- Born: 1993 (age 32–33) Iran
- Organization: Kata'ib Hezbollah (alleged)

= Mohammad Baqer Saad Dawood al-Saadi =

Shia Iraqi militia group commander

Mohammad Baqer Saad Dawood al-Saadi (born 1993) is a commander of Kata'ib Hezbollah, a Shia Iraqi militia group backed by Iran's Islamic Revolutionary Guard Corps. After being arrested in Turkey in 2026, he was charged by the US for plotting or being involved in having a role in the 2026 London antisemitic attacks.

==Background==
Al-Saadi was born in 1993 in Iran, to Iraqi Shia parents who left Iraq for exile in Iran during the Iran–Iraq War. His given name, Mohammad Baqer, is thought to be a reference to the martyr Grand Ayatollah Muhammad Baqir al-Sadr who was executed by Ba'athist Iraq in 1980.

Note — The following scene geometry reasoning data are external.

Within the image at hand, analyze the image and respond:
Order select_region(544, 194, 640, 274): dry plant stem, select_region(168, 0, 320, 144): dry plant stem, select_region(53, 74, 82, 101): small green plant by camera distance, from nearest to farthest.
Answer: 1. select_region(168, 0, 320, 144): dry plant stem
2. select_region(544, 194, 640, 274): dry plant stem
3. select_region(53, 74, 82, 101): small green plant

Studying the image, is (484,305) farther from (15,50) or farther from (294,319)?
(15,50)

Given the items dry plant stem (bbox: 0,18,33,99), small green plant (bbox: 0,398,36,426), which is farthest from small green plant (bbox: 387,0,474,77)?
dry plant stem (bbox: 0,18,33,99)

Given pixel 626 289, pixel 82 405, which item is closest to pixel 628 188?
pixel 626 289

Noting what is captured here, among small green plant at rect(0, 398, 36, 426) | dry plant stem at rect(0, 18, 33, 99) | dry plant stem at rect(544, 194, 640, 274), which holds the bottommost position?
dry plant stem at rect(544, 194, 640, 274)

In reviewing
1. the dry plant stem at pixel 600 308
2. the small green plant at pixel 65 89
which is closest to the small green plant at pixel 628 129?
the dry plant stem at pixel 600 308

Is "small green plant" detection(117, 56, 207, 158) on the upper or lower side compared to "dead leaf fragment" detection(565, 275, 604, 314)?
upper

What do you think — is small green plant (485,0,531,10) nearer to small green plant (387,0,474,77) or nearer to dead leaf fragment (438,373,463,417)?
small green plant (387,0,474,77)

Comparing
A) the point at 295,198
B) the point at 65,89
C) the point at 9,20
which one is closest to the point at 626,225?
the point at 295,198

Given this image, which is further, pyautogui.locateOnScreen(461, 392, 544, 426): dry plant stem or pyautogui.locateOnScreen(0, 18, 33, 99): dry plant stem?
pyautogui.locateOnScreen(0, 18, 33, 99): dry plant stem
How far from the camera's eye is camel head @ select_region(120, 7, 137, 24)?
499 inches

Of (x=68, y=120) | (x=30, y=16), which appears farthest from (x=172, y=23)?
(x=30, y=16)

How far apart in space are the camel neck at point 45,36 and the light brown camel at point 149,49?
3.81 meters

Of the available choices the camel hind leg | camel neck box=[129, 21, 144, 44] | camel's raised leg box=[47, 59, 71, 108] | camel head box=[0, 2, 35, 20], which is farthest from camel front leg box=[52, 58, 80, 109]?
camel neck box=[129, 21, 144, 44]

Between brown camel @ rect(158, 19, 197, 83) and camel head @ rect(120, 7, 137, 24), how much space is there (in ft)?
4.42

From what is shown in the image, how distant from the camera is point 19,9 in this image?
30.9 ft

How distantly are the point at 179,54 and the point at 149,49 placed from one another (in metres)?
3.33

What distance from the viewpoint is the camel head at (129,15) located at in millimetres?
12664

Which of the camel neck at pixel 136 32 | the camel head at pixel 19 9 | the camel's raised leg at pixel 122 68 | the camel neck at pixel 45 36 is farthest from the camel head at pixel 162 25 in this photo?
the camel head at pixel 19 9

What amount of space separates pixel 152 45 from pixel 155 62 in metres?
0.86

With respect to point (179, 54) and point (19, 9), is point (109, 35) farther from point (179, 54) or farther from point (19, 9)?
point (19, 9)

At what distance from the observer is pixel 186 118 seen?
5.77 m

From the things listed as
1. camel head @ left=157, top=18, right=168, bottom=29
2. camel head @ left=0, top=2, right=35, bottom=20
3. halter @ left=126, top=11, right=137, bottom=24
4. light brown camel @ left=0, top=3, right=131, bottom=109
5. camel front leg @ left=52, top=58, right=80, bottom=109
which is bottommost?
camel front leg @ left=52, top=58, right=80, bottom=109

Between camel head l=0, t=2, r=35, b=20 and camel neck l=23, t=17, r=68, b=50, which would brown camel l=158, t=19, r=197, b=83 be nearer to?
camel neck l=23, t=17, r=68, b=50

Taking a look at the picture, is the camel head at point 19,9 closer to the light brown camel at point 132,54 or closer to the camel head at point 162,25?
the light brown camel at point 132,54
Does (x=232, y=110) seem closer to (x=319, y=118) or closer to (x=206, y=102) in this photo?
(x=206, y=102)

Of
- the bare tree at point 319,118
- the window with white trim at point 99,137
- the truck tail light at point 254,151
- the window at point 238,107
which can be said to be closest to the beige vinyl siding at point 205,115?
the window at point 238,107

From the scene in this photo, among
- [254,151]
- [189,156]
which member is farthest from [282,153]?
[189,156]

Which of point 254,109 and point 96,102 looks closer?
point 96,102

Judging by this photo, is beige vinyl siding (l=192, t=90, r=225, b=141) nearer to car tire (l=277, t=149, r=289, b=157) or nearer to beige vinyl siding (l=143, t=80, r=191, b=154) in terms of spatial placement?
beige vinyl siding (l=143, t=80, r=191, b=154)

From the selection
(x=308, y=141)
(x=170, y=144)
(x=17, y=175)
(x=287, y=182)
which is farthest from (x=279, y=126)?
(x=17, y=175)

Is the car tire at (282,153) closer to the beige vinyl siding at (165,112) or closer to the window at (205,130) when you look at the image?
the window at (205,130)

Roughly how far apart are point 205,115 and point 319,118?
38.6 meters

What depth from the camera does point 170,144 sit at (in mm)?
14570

One expert told The Guardian that al-Saadi had been recruited in his early 20s into a Shia militia created by the Iranian government after the US-led invasion of Iraq in 2003. Al-Saadi was deployed to Syria during the Syrian civil war when Shia militia forces were sent by Iran to bolster the regime of Bashar al-Assad. According to The Guardian, while in Syria he often exaggerated his combat experience.

==Arrest==
On 15 May 2026, he was arrested in Turkey and charged by the United States Justice Department for plotting or being involved in terrorist attacks in Europe and North America, including targeting a synagogue in New York City and other Jewish sites during the 2026 London antisemitic attacks, in retaliation to the 2026 Iran war. He was accused of involvement in the stabbing of two Jewish men in London, United Kingdom in April 2026. Additionally, the New York Post reported that he plotted to assassinate U.S. president Donald Trump's daughter Ivanka Trump in retaliation for the 2020 strike against former Quds Force commander Qasem Soleimani.